Celso Ribeiro Bastos, denominando
diferentemente a igualdade material, afirma:
A igualdade
substancial postula tratamento uniforme de todos os homens. Não
se trata, como se vê, de um tratamento igual perante o direito,
mas uma igualdade real e efetiva perante os bens da vida. [2]
Desse
modo, a Constituição não veda o tratamento
proporcionalmente diferenciado de pessoas em situações
diferentes, quando se busca com isso atingir um fim relativamente
importante e compatível com tal diferenciação.
Conclui Alexandre de Morais:
Assim, os tratamentos
normativos diferenciados são compatíveis com a
Constituição Federal quando verificada a existência
de uma finalidade razoavelmente proporcional ao fim visado. [3]
Não
só os serviços prestados pelas entidades arquivistas
são compatíveis com o princípio da igualdade,
como ajudam a preservá-lo dentro das relações de
mercado, sob o prisma de que o Estado e a sociedade não devem
tratar da mesma maneira quem cumpre com suas obrigações,
honrando suas dívidas, e aquele que procura esquivar-se dos
seus compromissos e fraudar credores.

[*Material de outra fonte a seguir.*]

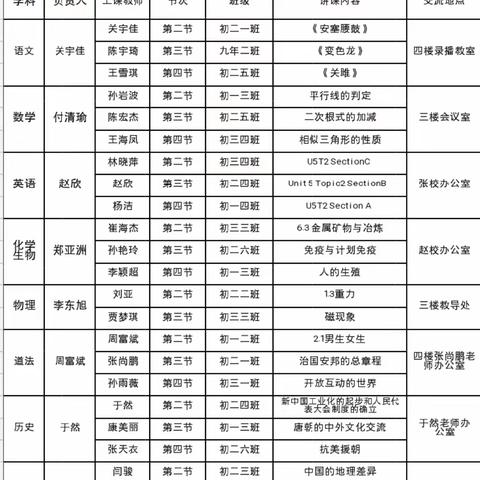 心向暖阳，拔节而上 ——2024教研中心视导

Assim, procura-se com isso
atingir o bem comum, o interesse público de manter a ordem e a
segurança nas relações.
Celso Ribeiro
Bastos [4], comentando o princípio da isonomia, discorre in
verbis:
É crucial que nenhuma lesão existe ao
princípio se os critérios discriminatórios forem
aqueles que encerram valores prezados pela sociedade. Então,
seria lícito vedar o acesso á pessoas desonestas,
desonradas, grosseiras, de má reputação.
De
acordo com a explanação do jurista, infere-se que a
manutenção de cadastro de informações
sobre consumidores inadimplentes, com o objetivo de resguardar as
relações de crédito, constitui atividade
plenamente vinculada à defesa de valores aceitos pela própria
sociedade, como a honra no compromisso das obrigações,
a segurança dos negócios, bem como o repúdio à
má-fé.
Diante de tais ponderações,
o ordenamento jurídico admitiu a importância das
entidades de proteção ao crédito, legitimando-as
como entidades de caráter público através do
Código de Defesa do Consumidor, onde existem limitações
à prestação de seus serviços, cujo
objetivo maior está em conciliar a atividade exercida pelos
bancos de dados e a garantia dos direitos fundamentais à
honra, imagem, privacidade e intimidade, os quais vinculam todas as
entidades mantenedoras desses serviços.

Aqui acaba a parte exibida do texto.